**Saved entries**
'''
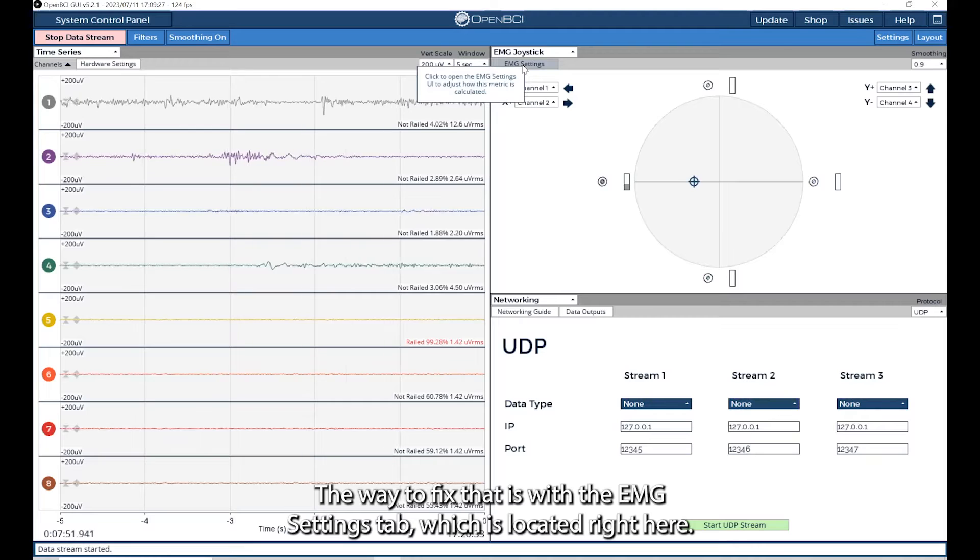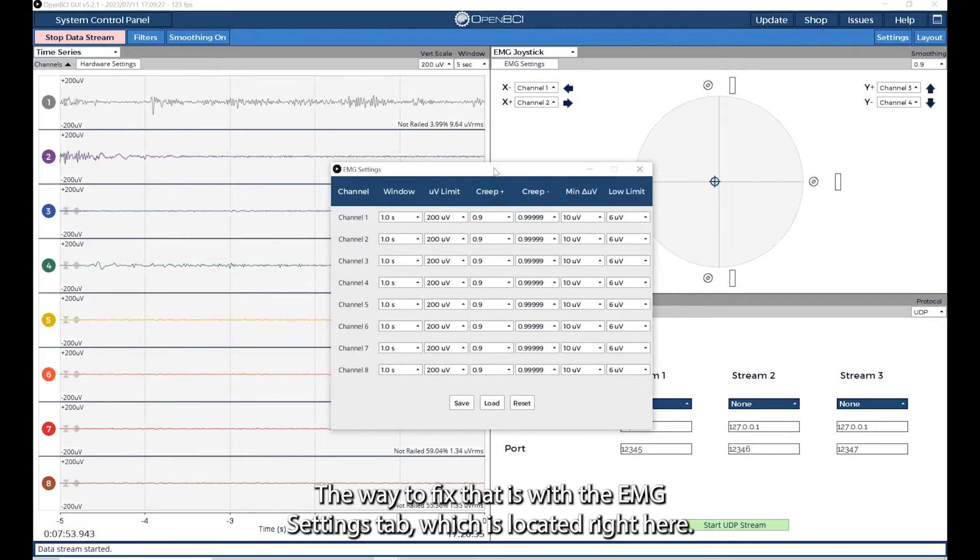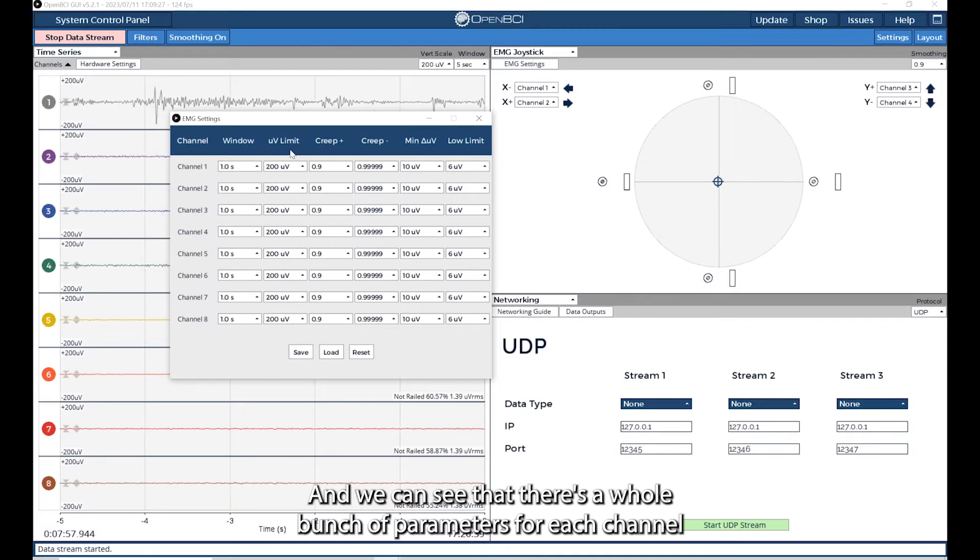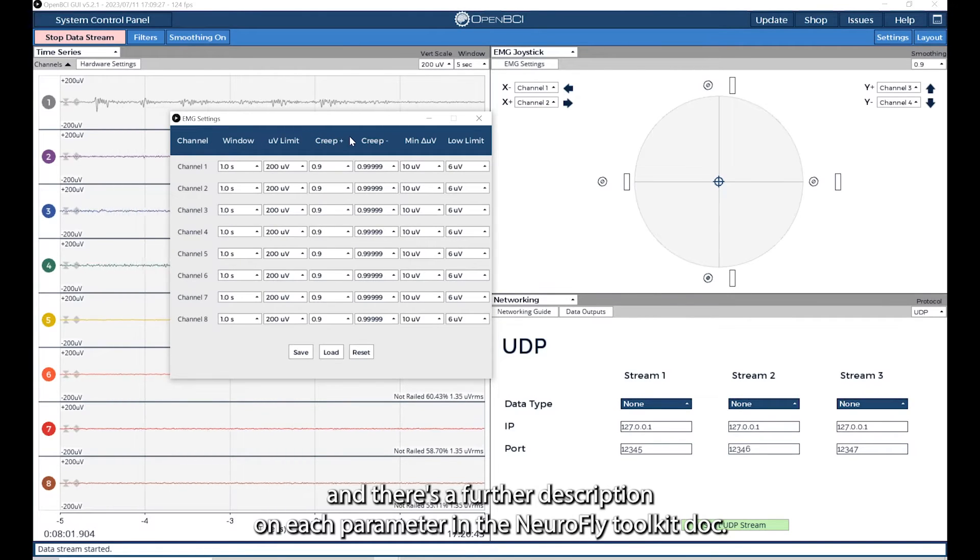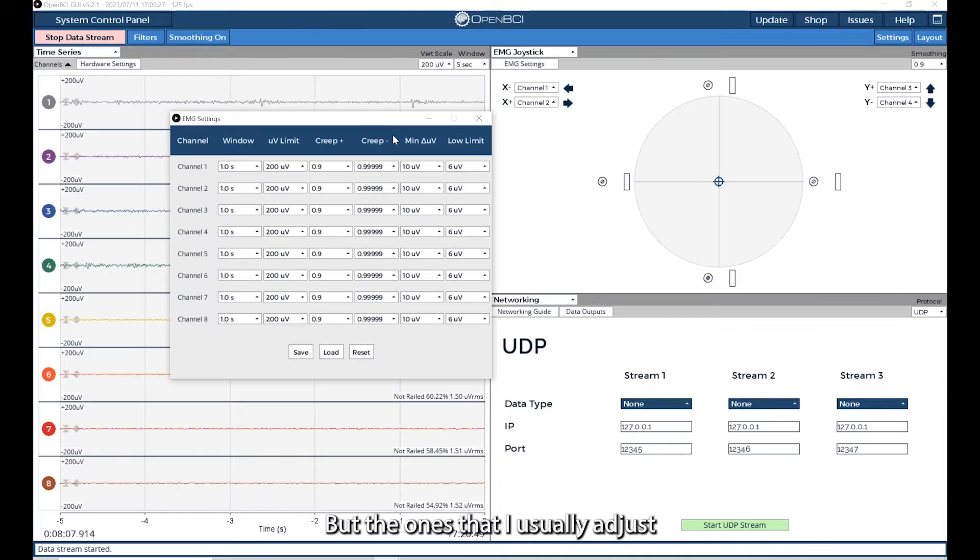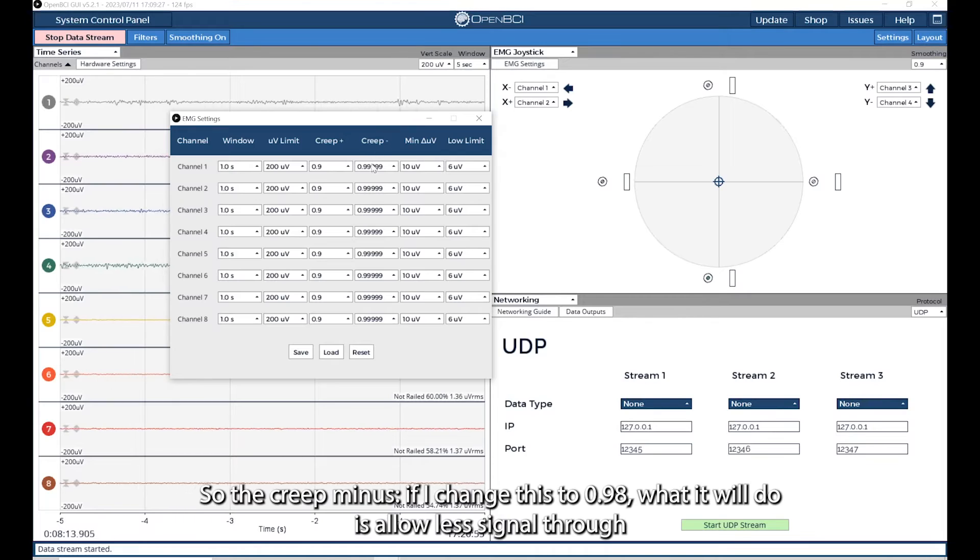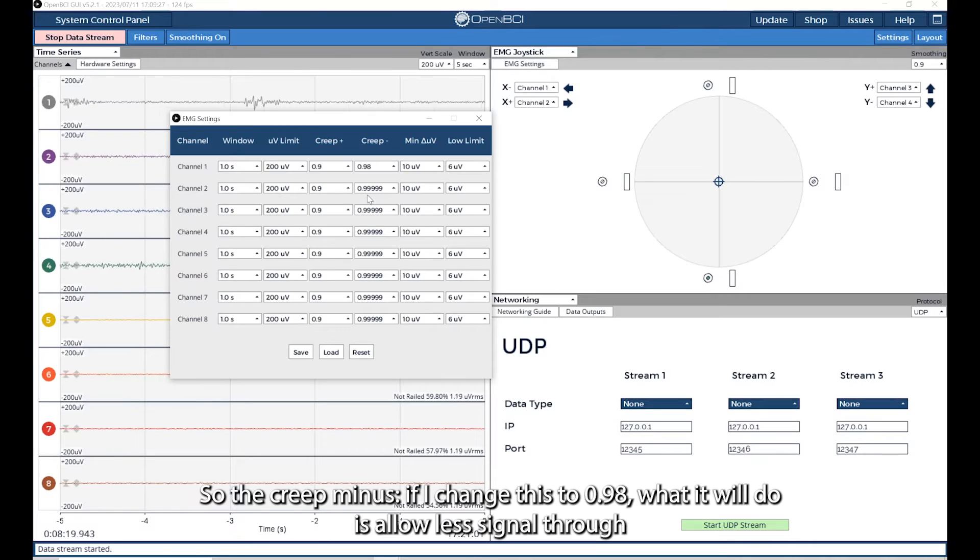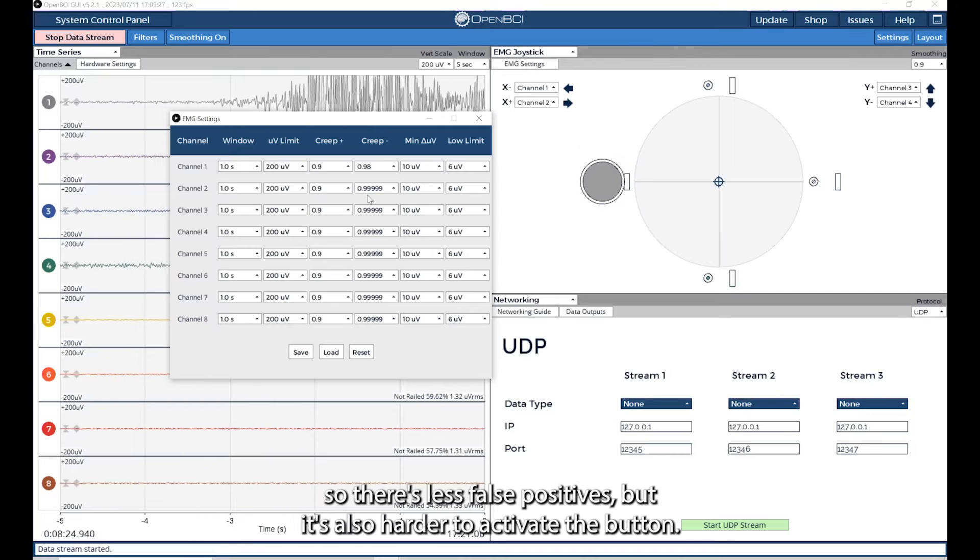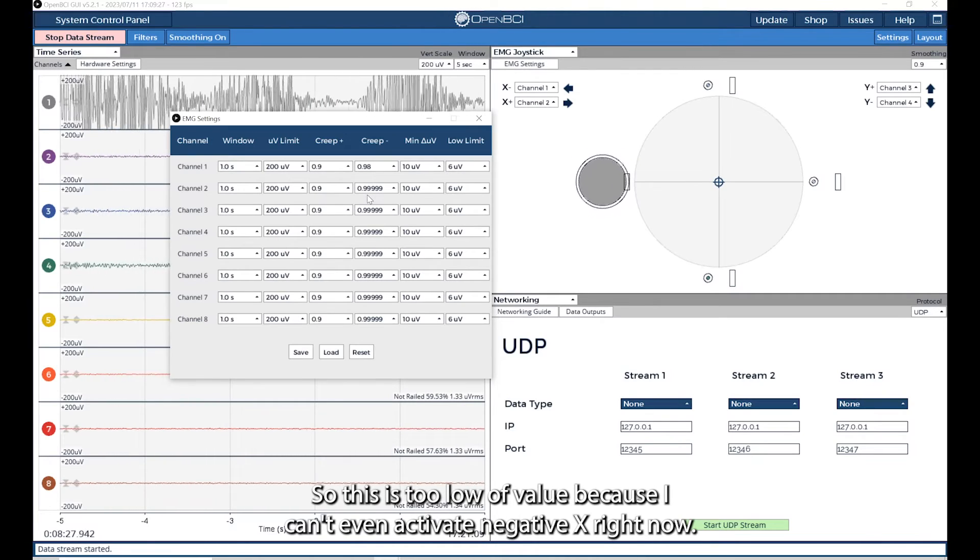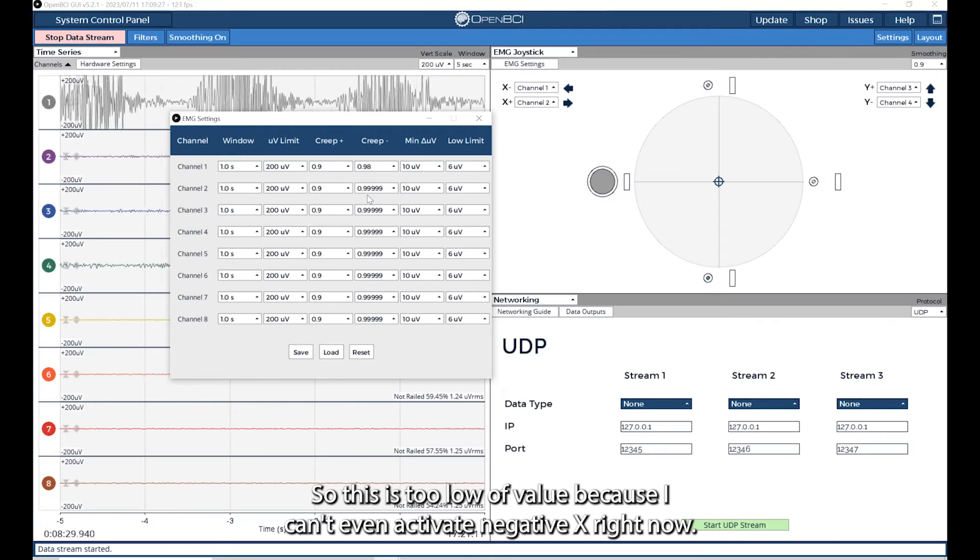We can see that there's a whole bunch of parameters for each channel. There's a further description on each parameter in the Neurofly toolkit doc. The ones that I usually adjust to avoid false positives are the Crete minus and the low limit. If I change this to 0.98, it will allow less signal through. So there's less false positives, but it's also harder to activate the button. This is too low of value because I can't even activate negative x right now. If I change this, let's try 0.99. This seems to be working pretty well, I can activate it, and there's going to be less false positives.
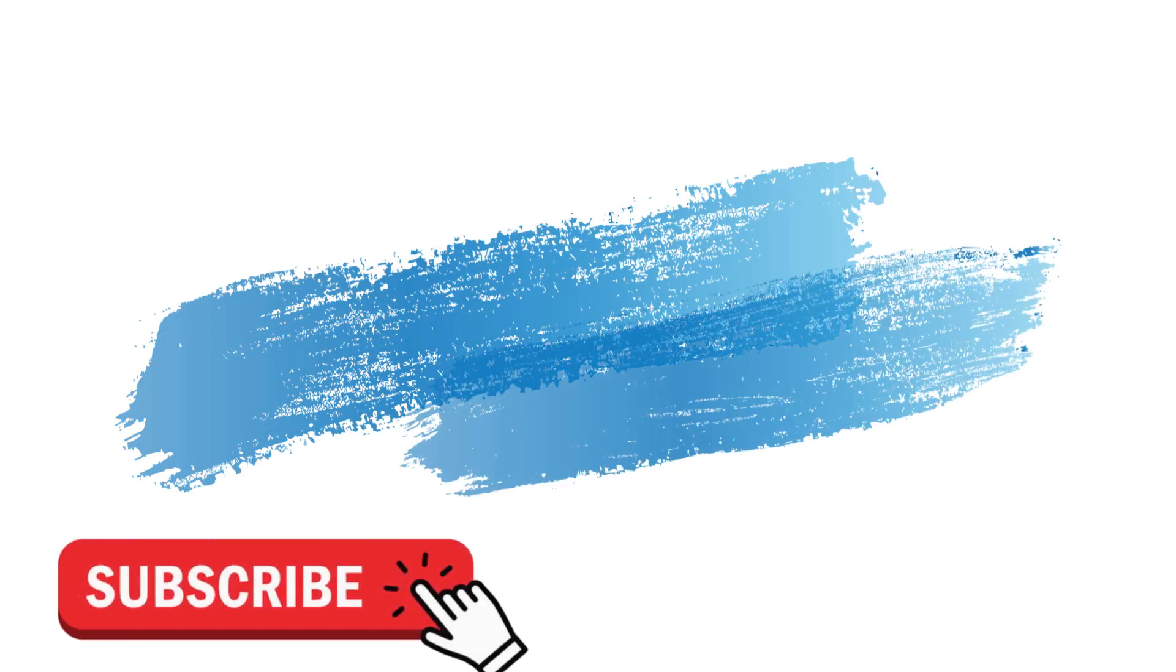Make sure to check out davescomputertips.com where all our articles are, and make sure to subscribe to this channel. Thanks for watching.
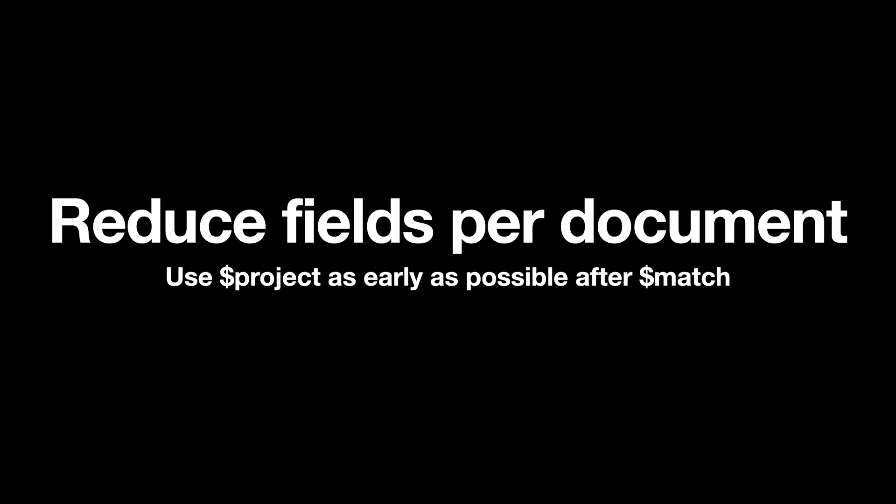After you have done that, reduce the fields per document by using project as early as possible after match. So once you use match you cut off a lot of documents, and once you use project you cut off a lot of fields from those documents, so you get more RAM space and more memory space for your operators to breathe.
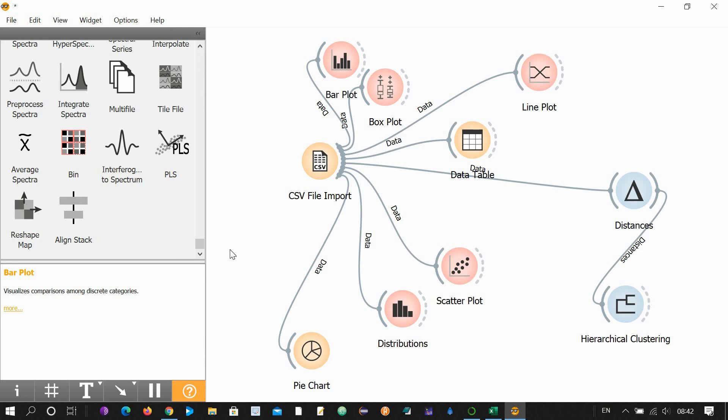This was all about the Orange software. It's a very beautiful software. I recommend this software for every researcher and every teacher, because it's so easy to use that you do not even need to learn programming skills, or even you don't need complex statistics. You just need to know what kind of plot you want to visualize your data in. So thank you, bye.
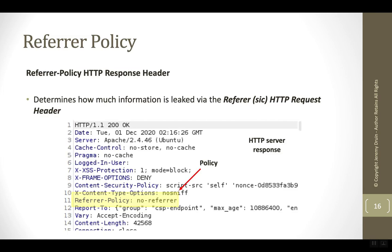The referrer policy is going to be found in the HTTP response because the server is telling the browser its wishes with regards to referrer headers.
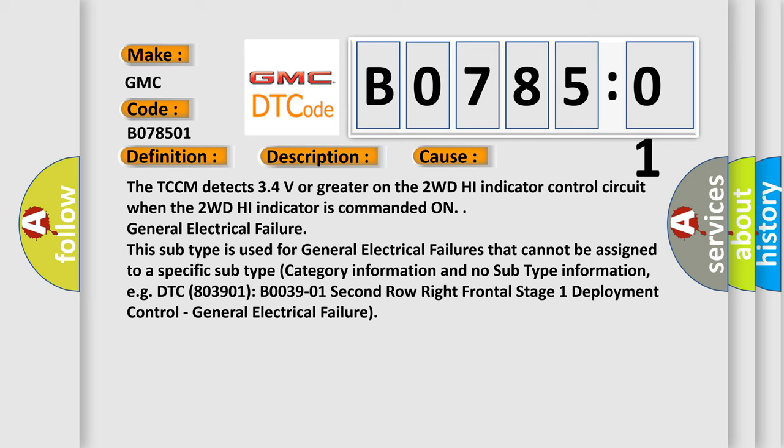General electrical failure. This subtype is used for general electrical failures that cannot be assigned to a specific subtype category with no subtype information, e.g. DTC B003901 2nd row right frontal stage 1 deployment control, general electrical failure.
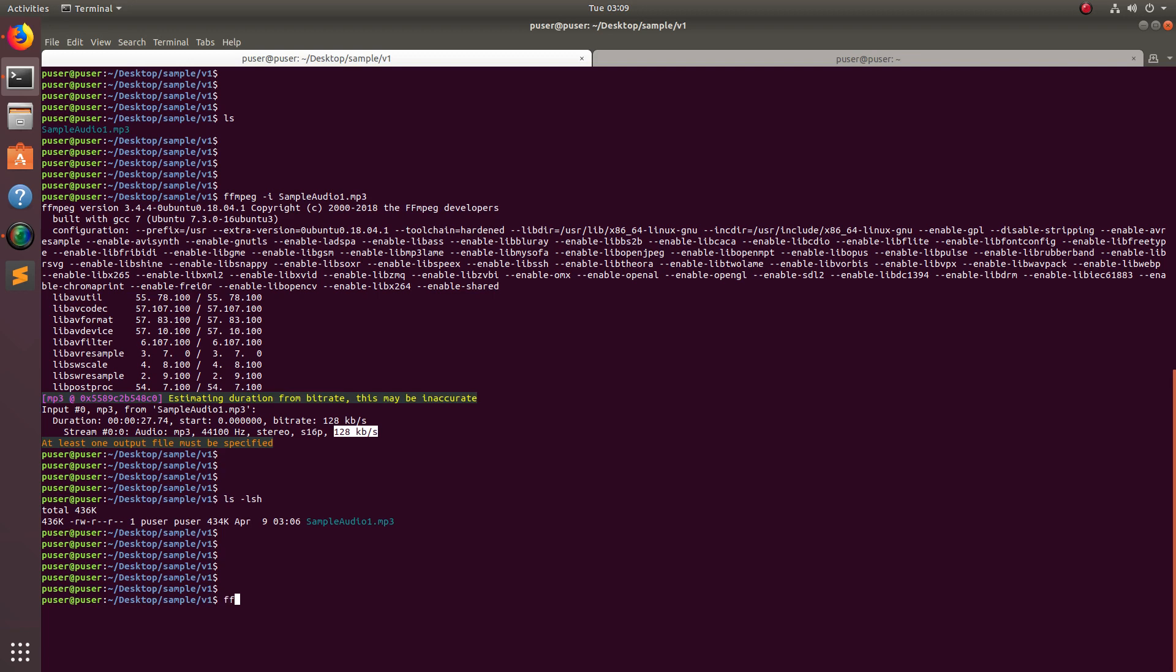So let me show how we can compress this. Execute this command: ffmpeg, then name of the audio file, then -ab. That is the flag we need to use.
'''
**YOUR INSTRUCTIONS**
Set the records down again precisely, skipping every image.

**SOLUTION**
We can see that there's a whole bunch of parameters for each channel. There's a further description on each parameter in the Neurofly toolkit doc. The ones that I usually adjust to avoid false positives are the Crete minus and the low limit. If I change this to 0.98, it will allow less signal through. So there's less false positives, but it's also harder to activate the button. This is too low of value because I can't even activate negative x right now. If I change this, let's try 0.99. This seems to be working pretty well, I can activate it, and there's going to be less false positives.
Make sure to check out davescomputertips.com where all our articles are, and make sure to subscribe to this channel. Thanks for watching.
After you have done that, reduce the fields per document by using project as early as possible after match. So once you use match you cut off a lot of documents, and once you use project you cut off a lot of fields from those documents, so you get more RAM space and more memory space for your operators to breathe.
This was all about the Orange software. It's a very beautiful software. I recommend this software for every researcher and every teacher, because it's so easy to use that you do not even need to learn programming skills, or even you don't need complex statistics. You just need to know what kind of plot you want to visualize your data in. So thank you, bye.
The referrer policy is going to be found in the HTTP response because the server is telling the browser its wishes with regards to referrer headers.
General electrical failure. This subtype is used for general electrical failures that cannot be assigned to a specific subtype category with no subtype information, e.g. DTC B003901 2nd row right frontal stage 1 deployment control, general electrical failure.
So let me show how we can compress this. Execute this command: ffmpeg, then name of the audio file, then -ab. That is the flag we need to use.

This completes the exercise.